Top: Lemon, Mandarin, Orange and Aldehydes
Heart: Rose, Oxygenated Jasmine and Ylang Ylang
Base: Vetiver, Cedar and Musk

How Does it Smell?

The initial spritz of Nº5 L’EAU is most certainly familiar. Straight away, the fizzy, champagne-like whoosh of aldehydes that makes the original so distinct are present and correct, but in a much more paired-back manner. L’EAU does away with the overdose of these aldehydes to go for something more balanced instead, where the shimmer of citrus takes the lead and the fizz of aldehydes simply add some underlying lift. The top notes are bright and lemony, with the juiciness of mandarin orange in the background to make the mouth water, whilst the supple aldehydes add a glittering bitterness to contrast. So far so good.

Nº5 was always about the clash of aldehydes and flowers and L’EAU certainly maintains the legendary abstract bouquet. Rose and jasmine collide with the heated tropical tones of ylang ylang, forging a floral that is a mixture of tones, including; fleshy white blooms, dewy petals, bitter greenery and crisp moss. Strangely, the floral notes have a touch of an old-school ’80s vibe, presenting something that is biting and sharp, giving shades of another CHANEL classic: Nº19. There isn’t any identifiable flower at play here, which stays faithful to the abstruse nature of the original. To put it another way, Nº5 L’EAU’s heart is a delicate floral print in shades of white and pastel green, rather than a rich tapestry of imaginary blooms.

Being an eau de toilette, Nº5 L’EAU is much softer and more subtle than the other incarnations in this classic family. Where Nº5 is an operatic rendition of an aldehydic floral aria, L’EAU demands less attention (it feels more like a quiet folk song), content with glistening on the skin like a fine dusting of light. The base has much less oomph and consists mainly of laundry-like musks with a touch of cedar for dryness. I get a strong iris impression as the fragrance dries down, allowing L’EAU to feel plush for a few moments – cushioning those florals with a dusting of mineral powder. It is little inflections like this that show L’EAU’s lineage, giving respectful nods to the legend of 1921 and providing an important reminder that, whilst different, this fragrance still carries strong strains of the Nº5 DNA. Perhaps we should call it the double-helix dry down?

Nº5 L’EAU is made with complete and utter respect to its grandmother. It is composed with the structural integrity of Nº5 fully intact however, the whole presentation is entirely more modern. To me, L’EAU feels silky and sleek, taking a much more minimal approach to Nº5’s carefully constructed composition. Like Nº5, it is an architectural fragrance but instead of being draped over the dress form as a jersey gown in auburn colours, L’EAU has more clarity, taking the shape of a silk white shirt that never creases.

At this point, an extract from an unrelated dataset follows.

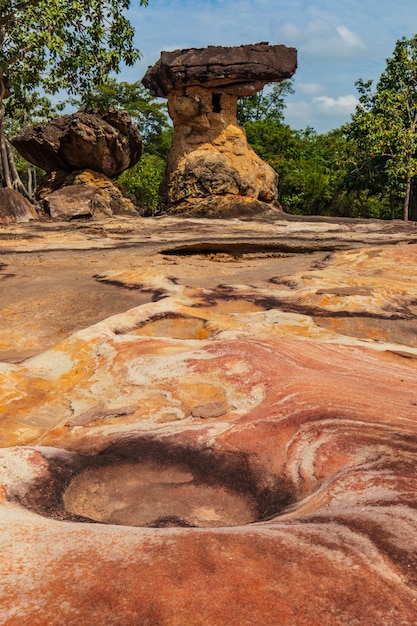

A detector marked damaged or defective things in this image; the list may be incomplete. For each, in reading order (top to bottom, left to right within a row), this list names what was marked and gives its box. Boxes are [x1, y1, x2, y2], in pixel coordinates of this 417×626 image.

L’EAU strikes me as a Nº5 for people that don’t like Nº5. It’s modern, youthful and surprisingly new, making for a quieter and more stealthy experience all round. Most importantly however, it is respectful of CHANEL’s inimitable icon and serves a purpose as a more luminous and ethereal take on the world’s most legendary floral. Whether you love Nº5 or loathe it, or even if you’re simply a passing fancier who is in neither camp, I’d recommend that you sniff L’EAU – it’s a perfect example of how a nearly century old fragrance can be brought bang up to date and it has achieved this in true CHANEL style.

Availability

Nº5 L’EAU launches on 01 September 2016. It will be available in 50ml (£68) and 100ml (£96) Eau de Toilette.


Disclaimer
Sample, notes and quotes via CHANEL. Images are my own.